Tel cet hôtel des Missionnaires où demeurent, à Paris, Mme de Chantel, sa fille et son fils. Ils occupaient, au second, un appartement partie en façade sur la rue Notre-Dame des Champs, partie sur des jardins de couvent découpés en bosquets, en massifs, en piécettes d'eau, avec des statues pieuses semées çà et là, dans la verdure. Mme de Chantel et Jeanne avaient les deux plus jolies chambres,  qui communiquaient. Celle de Maxime, plus petite, regardait les jardins de couvent et le décor, en arrière-plan, du grand séminaire. Vraie chambre d'un Tiberge arrivant à Paris et attendant la rentrée au séminaire. Sous l'angle des rideaux blancs, le lit étroit ne devait abriter que des sommeils paisibles, des sommeils de science et de piété, purs de toute mauvaise image. Le mobilier, en noyer verni, c'était ce lit, la petite table de nuit posée auprès, une commode dont le marbre se parait de carreaux tricotés, quelques chaises, l'une assez basse pour servir de prie-Dieu, une table et une petite bibliothèque en planche et en bâtons articulés.
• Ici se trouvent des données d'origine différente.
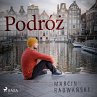 Podróż (MP3-Download) - Bild 1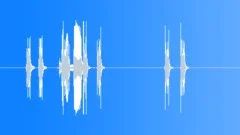 Vintage Car Horn Sound Effects Vintage Car Horn Sounds Pond5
Il n'y avait de glace qu'au-dessus de la cheminée, ornée de deux gros coquillages. Une gravure décorait la muraille, d'après la Descente de croix de Rembrandt, extraite du Magasin pittoresque.

La petite chambre sacerdotale certes n'avait pas encore accueilli un pèlerin à ce point travaillé de passions contradictoires. Elle voyait, suivant les jours, Maxime exalté de joie, oubliant les heures à regarder un portrait de Maud, à repenser à telles minutes exceptionnelles passées près d'elle, -- ou ramassé sur lui-même dans une horrible et douloureuse rêverie, tenaillé d'envies de départ, de fuite là-bas, vers la solitude de Vézeris. Car le pays natal, à chaque accès de souffrance, s'évoquait ainsi qu'un désirable, inviolable asile.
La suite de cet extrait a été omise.